Problem details:
Locate, in the data below, the line that contains "Once we have" and the line that contains "Hi I'm Drake"; reproduce exactly those two lines and every line between them, nothing more.

(Dataset entries)
===============

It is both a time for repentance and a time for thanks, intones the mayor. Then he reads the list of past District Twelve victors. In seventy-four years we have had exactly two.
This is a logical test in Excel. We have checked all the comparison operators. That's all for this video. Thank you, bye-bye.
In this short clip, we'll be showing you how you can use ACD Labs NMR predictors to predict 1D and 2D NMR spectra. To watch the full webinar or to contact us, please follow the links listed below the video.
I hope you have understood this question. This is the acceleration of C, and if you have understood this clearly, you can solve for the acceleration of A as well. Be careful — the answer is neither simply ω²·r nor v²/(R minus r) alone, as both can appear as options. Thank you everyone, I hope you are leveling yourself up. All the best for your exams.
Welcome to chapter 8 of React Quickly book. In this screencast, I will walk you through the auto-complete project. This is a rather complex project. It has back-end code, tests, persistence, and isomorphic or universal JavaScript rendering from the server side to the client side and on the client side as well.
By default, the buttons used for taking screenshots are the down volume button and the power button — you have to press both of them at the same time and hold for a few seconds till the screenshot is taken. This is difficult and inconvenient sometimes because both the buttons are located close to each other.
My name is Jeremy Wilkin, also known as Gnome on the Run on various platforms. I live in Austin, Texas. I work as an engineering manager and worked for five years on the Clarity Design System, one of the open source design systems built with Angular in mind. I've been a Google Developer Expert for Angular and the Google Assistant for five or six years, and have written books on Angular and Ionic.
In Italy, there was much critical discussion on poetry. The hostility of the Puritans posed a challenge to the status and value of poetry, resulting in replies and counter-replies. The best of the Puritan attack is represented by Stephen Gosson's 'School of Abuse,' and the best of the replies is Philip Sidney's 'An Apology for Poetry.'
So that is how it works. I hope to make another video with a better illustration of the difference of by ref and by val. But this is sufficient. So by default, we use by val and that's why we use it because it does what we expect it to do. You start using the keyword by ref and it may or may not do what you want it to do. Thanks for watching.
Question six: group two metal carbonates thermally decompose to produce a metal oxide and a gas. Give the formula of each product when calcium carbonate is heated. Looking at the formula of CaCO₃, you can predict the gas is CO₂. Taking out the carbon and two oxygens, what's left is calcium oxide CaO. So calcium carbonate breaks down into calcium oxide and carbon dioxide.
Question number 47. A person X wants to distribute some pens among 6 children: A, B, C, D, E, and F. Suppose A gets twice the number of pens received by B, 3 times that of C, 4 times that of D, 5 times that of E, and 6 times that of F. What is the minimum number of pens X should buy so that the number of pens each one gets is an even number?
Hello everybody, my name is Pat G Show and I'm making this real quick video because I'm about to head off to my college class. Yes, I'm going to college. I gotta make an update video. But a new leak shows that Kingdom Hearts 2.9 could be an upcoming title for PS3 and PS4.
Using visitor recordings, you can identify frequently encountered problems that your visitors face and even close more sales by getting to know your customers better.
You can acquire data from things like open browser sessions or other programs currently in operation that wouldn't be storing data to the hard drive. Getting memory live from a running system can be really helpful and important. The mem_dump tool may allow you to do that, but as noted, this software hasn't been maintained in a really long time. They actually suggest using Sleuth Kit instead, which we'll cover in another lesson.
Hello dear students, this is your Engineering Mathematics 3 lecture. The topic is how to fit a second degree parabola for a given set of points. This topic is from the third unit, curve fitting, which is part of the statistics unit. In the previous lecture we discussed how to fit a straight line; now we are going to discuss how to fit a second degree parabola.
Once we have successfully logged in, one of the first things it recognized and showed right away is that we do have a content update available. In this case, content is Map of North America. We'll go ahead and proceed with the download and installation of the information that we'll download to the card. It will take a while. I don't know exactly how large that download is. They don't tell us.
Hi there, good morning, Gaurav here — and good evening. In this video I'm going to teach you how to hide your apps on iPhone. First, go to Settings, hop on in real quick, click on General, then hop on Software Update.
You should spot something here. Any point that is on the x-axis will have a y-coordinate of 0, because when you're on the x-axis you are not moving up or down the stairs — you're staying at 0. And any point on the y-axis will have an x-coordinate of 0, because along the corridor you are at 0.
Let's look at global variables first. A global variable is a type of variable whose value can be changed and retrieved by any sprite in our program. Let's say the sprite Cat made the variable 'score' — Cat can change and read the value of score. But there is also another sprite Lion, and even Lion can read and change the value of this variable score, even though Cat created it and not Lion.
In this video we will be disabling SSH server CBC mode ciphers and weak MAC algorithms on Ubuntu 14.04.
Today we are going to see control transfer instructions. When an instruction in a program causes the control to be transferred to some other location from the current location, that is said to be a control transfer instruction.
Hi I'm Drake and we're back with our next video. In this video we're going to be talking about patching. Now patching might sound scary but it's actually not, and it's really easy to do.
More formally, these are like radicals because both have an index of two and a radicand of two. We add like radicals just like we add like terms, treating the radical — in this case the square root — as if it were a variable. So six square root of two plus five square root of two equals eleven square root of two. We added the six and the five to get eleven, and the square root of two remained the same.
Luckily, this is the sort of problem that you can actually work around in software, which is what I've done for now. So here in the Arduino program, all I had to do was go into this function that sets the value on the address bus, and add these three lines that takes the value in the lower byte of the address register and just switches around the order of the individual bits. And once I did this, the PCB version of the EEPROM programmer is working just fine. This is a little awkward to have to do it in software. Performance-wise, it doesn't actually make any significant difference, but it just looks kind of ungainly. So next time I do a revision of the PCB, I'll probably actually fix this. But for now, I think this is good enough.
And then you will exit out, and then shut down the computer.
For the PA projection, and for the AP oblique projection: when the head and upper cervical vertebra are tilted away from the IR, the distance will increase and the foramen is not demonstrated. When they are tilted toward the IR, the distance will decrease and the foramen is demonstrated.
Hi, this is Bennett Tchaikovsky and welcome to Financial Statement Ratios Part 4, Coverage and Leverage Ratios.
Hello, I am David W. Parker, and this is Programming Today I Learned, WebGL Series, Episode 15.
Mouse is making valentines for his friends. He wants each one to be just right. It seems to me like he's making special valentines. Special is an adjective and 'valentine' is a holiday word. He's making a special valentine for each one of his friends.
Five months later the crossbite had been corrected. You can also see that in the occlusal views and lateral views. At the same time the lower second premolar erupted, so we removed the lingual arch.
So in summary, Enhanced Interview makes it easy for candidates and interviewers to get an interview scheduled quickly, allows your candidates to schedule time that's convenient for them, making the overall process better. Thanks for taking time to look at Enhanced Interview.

===============

Solution to this problem:
Once we have successfully logged in, one of the first things it recognized and showed right away is that we do have a content update available. In this case, content is Map of North America. We'll go ahead and proceed with the download and installation of the information that we'll download to the card. It will take a while. I don't know exactly how large that download is. They don't tell us.
Hi there, good morning, Gaurav here — and good evening. In this video I'm going to teach you how to hide your apps on iPhone. First, go to Settings, hop on in real quick, click on General, then hop on Software Update.
You should spot something here. Any point that is on the x-axis will have a y-coordinate of 0, because when you're on the x-axis you are not moving up or down the stairs — you're staying at 0. And any point on the y-axis will have an x-coordinate of 0, because along the corridor you are at 0.
Let's look at global variables first. A global variable is a type of variable whose value can be changed and retrieved by any sprite in our program. Let's say the sprite Cat made the variable 'score' — Cat can change and read the value of score. But there is also another sprite Lion, and even Lion can read and change the value of this variable score, even though Cat created it and not Lion.
In this video we will be disabling SSH server CBC mode ciphers and weak MAC algorithms on Ubuntu 14.04.
Today we are going to see control transfer instructions. When an instruction in a program causes the control to be transferred to some other location from the current location, that is said to be a control transfer instruction.
Hi I'm Drake and we're back with our next video. In this video we're going to be talking about patching. Now patching might sound scary but it's actually not, and it's really easy to do.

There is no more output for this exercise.